Director Sebastiano Toma has set the band on a stage amid miniature
carnival caravans and doss-rooms, inhabited sometimes by miniature
people and sometimes by normal-sized folk who have folded themselves
into the confined spaces. Dwarfs Rolando and Irene Hofer thread their
way through songs such as “The Deathless Man” and “Flipper Boy”, whilst
Alba contorts herself around Jacques as he sings of the “Snake Woman”

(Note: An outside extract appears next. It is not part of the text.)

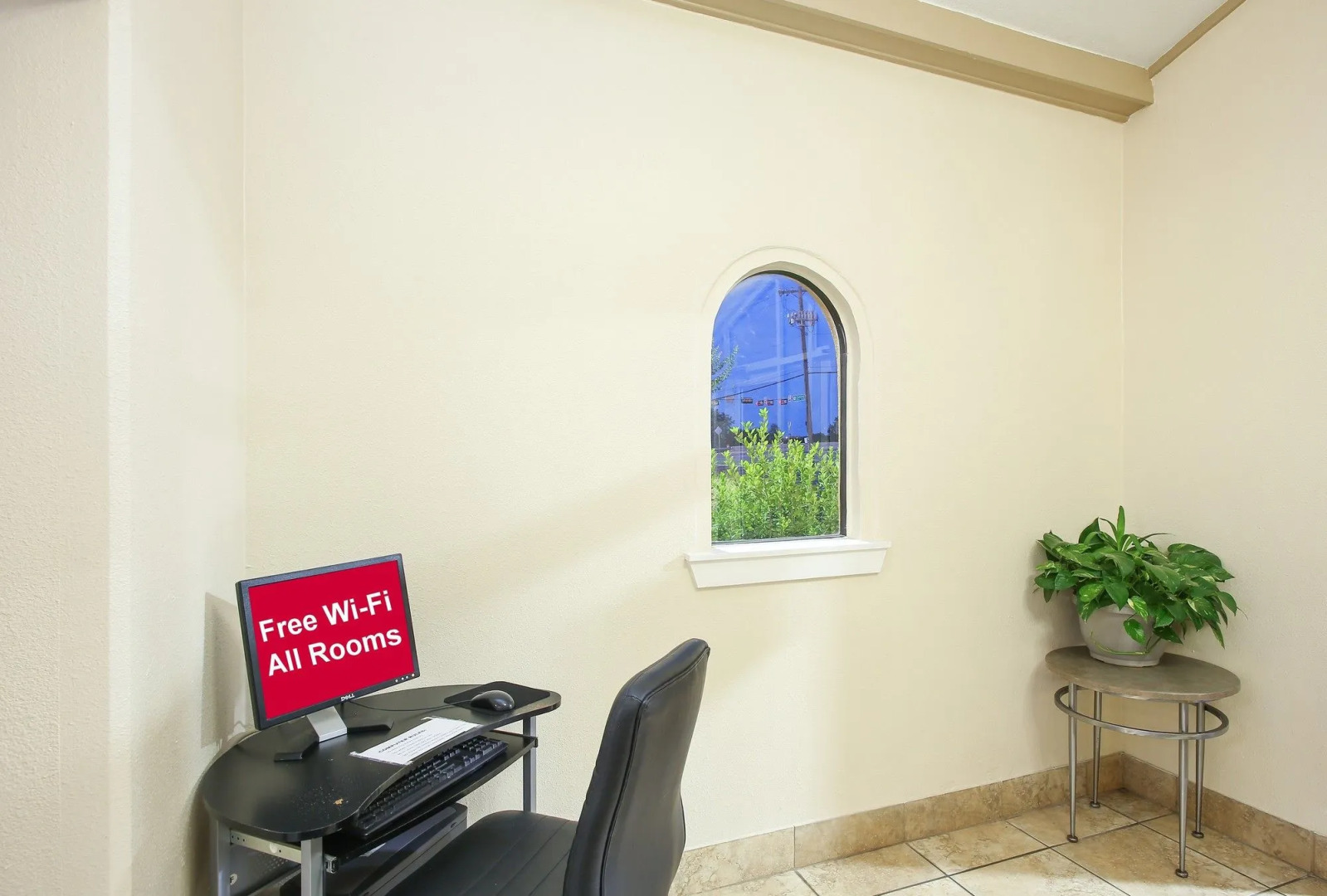 Photo - Red Roof Inn North Dallas - Park Central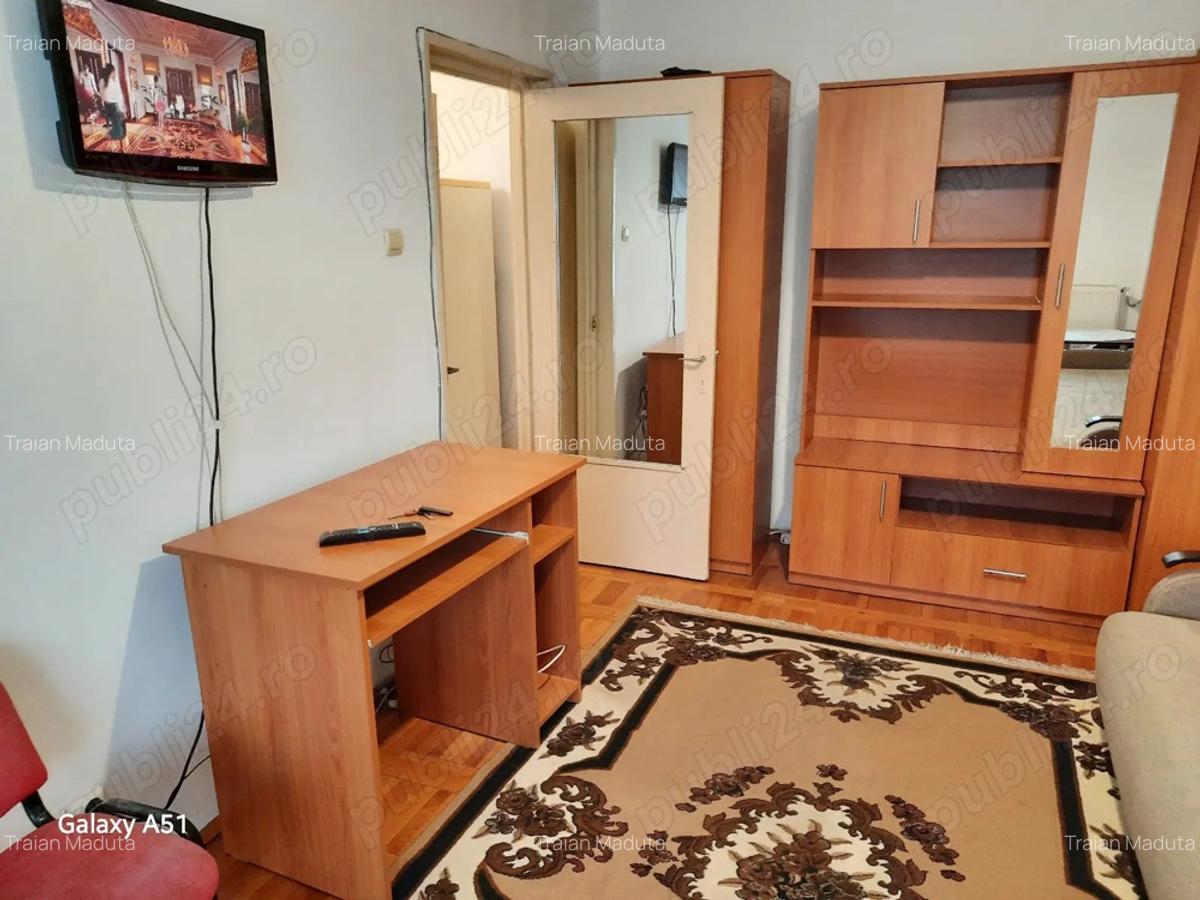 Proprietr, inchiriez garsoniera 32mp, central, confort 1,etaj 3, balcon, complet utilat. Tel. 0722.3 - 2 Proprietr, inchiriez garsoniera 32mp, central, confort 1,etaj 3, balcon, complet utilat. Tel. 0722.3 - 2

and Ele and Julia Janke perform an electrifying, fierce trapeze act
mirroring the love/hate relationship in “Forever Together”. Lorenzo
Mastropietro may not have three legs like Jake in the song, but his
bowler hat juggling more than makes up for this deficit of limbs.
Some of Jacques’ songs – “Avarice”, for instance, and “The Wind And The
Rain” – are among his strongest in years, treading the Lillies’
familiar sleazy territory but going musically and lyrically a notch or
two further. Vocally, too: for the first time in more than 15 years of
my experience, I heard Jacques on opening night sing several numbers in
a gravelly baritone rather than his accustomed “castrato”. It is to be
hoped that they find a way to bring this show to the U.K., to show
British audiences at last what they are capable of when working in a sympathique performance culture.